Space is currently seen as an arena for competition, when in fact it has broader potential for diplomatic and inspirational means. President Trump’s recently released policy directive “Space Force” is an attempt to create a sixth military branch solely focused on weaponizing and securing space dominance. By throwing significant political capital and focus into beefing up the U.S. military in space, the Trump administration has signaled to the country and the world its desire to view space as an arena the U.S. must dominate.
Beefing up unilateralism, however, should not come at a cost to space cooperation with other nations, which the U.S.’s policy is currently severely lacking. Due to policies like the Wolf Amendment — which effectively bars any cooperation between the National Aeronautics and Space Administration (NASA) and Chinese scientists — the U.S. is at risk for falling behind in the development and management of space. Furthermore — and arguably more importantly — space is falling out of the conscious of the U.S. populous. Growing up to be an astronaut used to be every child’s aspirations, but now it ranks far behind other professions such as being a Youtuber. I believe that reorienting U.S. space policy away from military dominance and towards peaceful international cooperation has the potential to positively affect the U.S. material global standing in the world and reinspire children about the wonders of outer space.
Rather than continue on our march towards unilateralism, the U.S. should focus on working with other space powers to create rules of the road. Space is becoming more congested, especially with the rise of private space companies like SpaceX. Orbital debris, or small pieces of spacecraft, pose a significant risk to satellites, and the risk of miscalculation from a piece of debris striking a Chinese or Russian satellite continues to grow. Without cooperation over space traffic management or the regulations around orbital debris cleanup and portability, conflict may be all but inevitable. Rather than invest in creating more space lasers and satellite constellations, the U.S. should instead remove barriers for space cooperation with other nations so we can all peacefully co-exist in space.

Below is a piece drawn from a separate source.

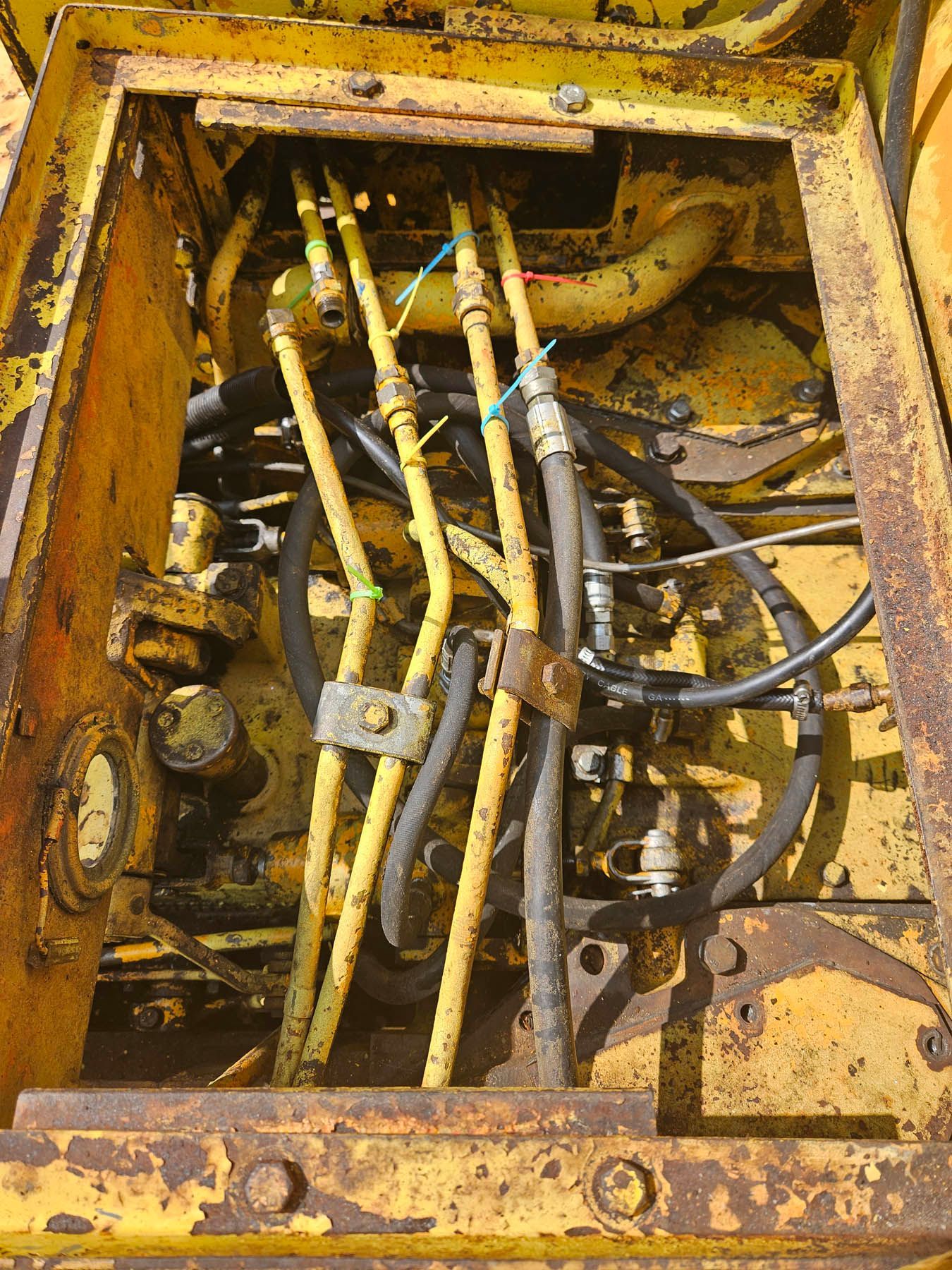 Yellow machinery interior with several hydraulic lines.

Concrete collaboration like debris mitigation or space traffic management isn’t as shiny as going to the Moon or exploring a new galaxy, but perhaps incremental cooperation can lead to bold policies. The International Space Station is being decommissioned and both China and Russia are working on their own space stations. Collaboration on mutual areas of benefit like space debris could spill over to broader coordination on the space stations, as U.S. astronauts will not have a stable platform to make trips to the Moon or Mars once the ISS falls back to earth.

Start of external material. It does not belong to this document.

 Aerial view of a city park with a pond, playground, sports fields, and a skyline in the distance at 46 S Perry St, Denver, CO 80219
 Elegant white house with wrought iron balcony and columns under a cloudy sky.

The benefits of space extend beyond superpower cooperation, as it can act as a source of inspiration for younger generations. As children, we dream, hope and imagine. What does it say about our nation that kids want to grow up to film videos of themselves rather than explore the galaxy? No shade to becoming a Youtuber, but wanting to be an astronaut symbolized exploring the unknown and the unimaginable. Since there isn’t any national attention on space like there was when our parents were kids, you can’t blame our generation for being disinterested about what is going on above our sky. However, new space cooperation gives the opportunity to extend humans — and thus human imagination — beyond its current bounds. A quick Google search brings up beautiful and fantastic images of space taken by NASA. Perhaps as a college student, I see space in more practical terms, but the child in me still wonders what and who is up there, and what fantastic knowledge we as a species can gain from space exploration.
Though incremental cooperation with other superpowers in space infrastructure development and management or imaginative exploration sounds like a dream, can the U.S. afford it? The short answer is yes. Currently, NASA’s budget is maxed at 0.5% of all annual spending. A report by the Science Foundation indicates that space-related activities contributed over $180 billion to the global economy in 2005, mostly related to commercial goods and services made through space technology. That means one dollar spent on NASA adds ten dollars to our economy, an amazing rate of return for such small spending allocation.

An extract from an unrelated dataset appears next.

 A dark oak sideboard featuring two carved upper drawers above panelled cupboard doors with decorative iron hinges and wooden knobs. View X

On top of the explicit productivity of space-related activities, space is also critical to maintaining the global economy: Global Positioning Systems (GPS) are reliant on satellites, and so are ATMs, weather forecasting and communication systems. Considering the importance of space to our economy and preserving our way of life, ensuring that the U.S. spend wisely to decrease the cascading risk of orbital space debris is of utmost importance. For such a small slice of the budget, space cooperation would be extremely cost-effective.
Space is not something we should allow to leave the conscious of the American public or be used as a tool to further military aims. Instead, space should be seen as a cost-effective means of facilitating global cooperation for everyone’s benefit and inspiring younger generations about the possibilities that lay beyond our universe. I recently watched The Farthest: Voyager in Space, a Netflix documentary about the farthest human probe in space, and I wish everyone could experience the feelings of inspiration I gained from it. The documentary ends with an explanation of the golden record attached to the Voyager, a recording of human greetings, music and photos of Earth. Because of minimal space weather, the record is expected to outlast Earth itself. A record of humankind will be floating in space for billions of years, preserving humankind into eternity and perhaps explaining our home to beings beyond our imagination. Space is amazing and useful and our policies should reflect our desire to imagine rather than an urge to secure hegemony.